# Show me your dog box.



## Harley_quinn (Jan 28, 2013)

Hey guys, 
Harley doesn't use her dig box. On the hedgehog happening page, there was a discussion about everyone's dig box. Can you post pictures of your dig box so I can see what I didn't get right hehe. She loves digging, that's why I made one, but she doesn't like it


----------



## alexvdl (Dec 19, 2012)

You can't tell me what to do!

But I digress. So what we did was take a large tissue box, cut it about an inch and a half of the sides, and then cover the cardboard edges with painter's tape to make sure there were no sharp edges. Then we filled it with some oatmeal and some frosted aquarium pebbles. We can hide apples, mealworms, or other treats in there and he loves sniffling around searching for them.










And here he is doing his digging.


----------



## JulieAnne (Sep 3, 2012)

I'm looking to make a dig box too.
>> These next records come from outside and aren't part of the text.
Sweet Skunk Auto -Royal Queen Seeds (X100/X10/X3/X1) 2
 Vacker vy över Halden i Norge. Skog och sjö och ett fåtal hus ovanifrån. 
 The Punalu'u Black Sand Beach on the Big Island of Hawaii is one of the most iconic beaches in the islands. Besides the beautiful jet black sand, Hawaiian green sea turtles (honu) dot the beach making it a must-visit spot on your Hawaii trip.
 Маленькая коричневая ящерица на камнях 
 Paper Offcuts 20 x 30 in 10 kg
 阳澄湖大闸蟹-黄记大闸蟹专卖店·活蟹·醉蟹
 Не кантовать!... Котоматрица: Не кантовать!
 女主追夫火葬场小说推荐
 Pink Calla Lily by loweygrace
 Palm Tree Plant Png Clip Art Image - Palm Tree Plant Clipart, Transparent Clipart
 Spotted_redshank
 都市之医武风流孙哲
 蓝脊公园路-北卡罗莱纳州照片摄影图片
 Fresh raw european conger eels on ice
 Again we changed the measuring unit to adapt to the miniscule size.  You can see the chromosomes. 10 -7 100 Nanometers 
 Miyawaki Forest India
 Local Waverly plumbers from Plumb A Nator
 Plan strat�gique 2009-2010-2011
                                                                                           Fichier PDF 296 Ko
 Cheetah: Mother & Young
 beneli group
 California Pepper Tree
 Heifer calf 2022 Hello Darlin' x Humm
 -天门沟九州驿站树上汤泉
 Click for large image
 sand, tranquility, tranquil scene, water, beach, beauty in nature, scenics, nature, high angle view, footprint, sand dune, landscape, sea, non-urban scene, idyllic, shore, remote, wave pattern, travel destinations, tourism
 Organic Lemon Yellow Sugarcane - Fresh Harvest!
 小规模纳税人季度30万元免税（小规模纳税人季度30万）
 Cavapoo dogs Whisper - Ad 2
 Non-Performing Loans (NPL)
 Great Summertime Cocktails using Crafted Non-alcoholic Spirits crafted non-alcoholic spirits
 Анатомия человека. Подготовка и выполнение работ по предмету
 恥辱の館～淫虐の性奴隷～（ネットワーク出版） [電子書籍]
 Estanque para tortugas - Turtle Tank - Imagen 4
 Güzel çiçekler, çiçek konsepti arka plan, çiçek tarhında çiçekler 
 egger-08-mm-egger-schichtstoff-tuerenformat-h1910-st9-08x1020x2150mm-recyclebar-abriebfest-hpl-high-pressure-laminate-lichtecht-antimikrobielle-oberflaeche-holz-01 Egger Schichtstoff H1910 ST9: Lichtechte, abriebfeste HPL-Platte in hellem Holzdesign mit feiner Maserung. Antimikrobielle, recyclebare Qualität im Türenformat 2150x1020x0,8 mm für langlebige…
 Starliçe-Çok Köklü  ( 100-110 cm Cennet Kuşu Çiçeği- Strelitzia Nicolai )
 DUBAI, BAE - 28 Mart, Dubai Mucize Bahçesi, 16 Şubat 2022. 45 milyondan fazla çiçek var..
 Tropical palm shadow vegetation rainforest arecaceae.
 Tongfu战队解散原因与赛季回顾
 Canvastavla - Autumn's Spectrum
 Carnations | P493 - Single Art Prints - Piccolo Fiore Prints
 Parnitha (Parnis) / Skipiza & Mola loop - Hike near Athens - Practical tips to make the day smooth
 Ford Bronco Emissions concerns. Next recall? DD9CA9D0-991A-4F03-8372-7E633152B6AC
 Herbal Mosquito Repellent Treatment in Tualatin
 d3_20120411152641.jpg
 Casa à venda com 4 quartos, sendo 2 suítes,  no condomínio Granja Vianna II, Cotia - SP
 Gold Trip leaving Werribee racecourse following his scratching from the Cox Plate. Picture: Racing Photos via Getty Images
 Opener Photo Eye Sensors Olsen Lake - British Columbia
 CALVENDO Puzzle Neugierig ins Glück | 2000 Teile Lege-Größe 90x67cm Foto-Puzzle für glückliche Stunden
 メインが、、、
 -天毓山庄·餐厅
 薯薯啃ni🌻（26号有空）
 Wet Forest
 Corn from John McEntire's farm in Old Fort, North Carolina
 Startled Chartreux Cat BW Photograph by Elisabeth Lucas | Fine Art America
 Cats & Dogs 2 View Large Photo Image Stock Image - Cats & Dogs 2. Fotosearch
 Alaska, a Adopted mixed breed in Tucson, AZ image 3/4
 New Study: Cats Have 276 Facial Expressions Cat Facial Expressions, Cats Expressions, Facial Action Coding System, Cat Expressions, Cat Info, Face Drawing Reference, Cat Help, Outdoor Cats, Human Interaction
I've read that some people use the larger, smooth aquarium rocks. Would love to see some more pictures of y'alls boxes too!


----------



## momIImany (Oct 14, 2012)

My digbox is a 8" terra cotta plant saucer that I filled with Dk. blue glass marbles and Lt. blue flat marbles. Each night I put about 4-5 mealies in it and she goes around and finds them to eat. 

I also have a ferret's ball pen with the ferret balls and fleece strips. I made the openings larger (just used a scissor) on 3 sides of the square pen. she loves to go in there and play with both the balls and the fleece. She will drag them out too.


----------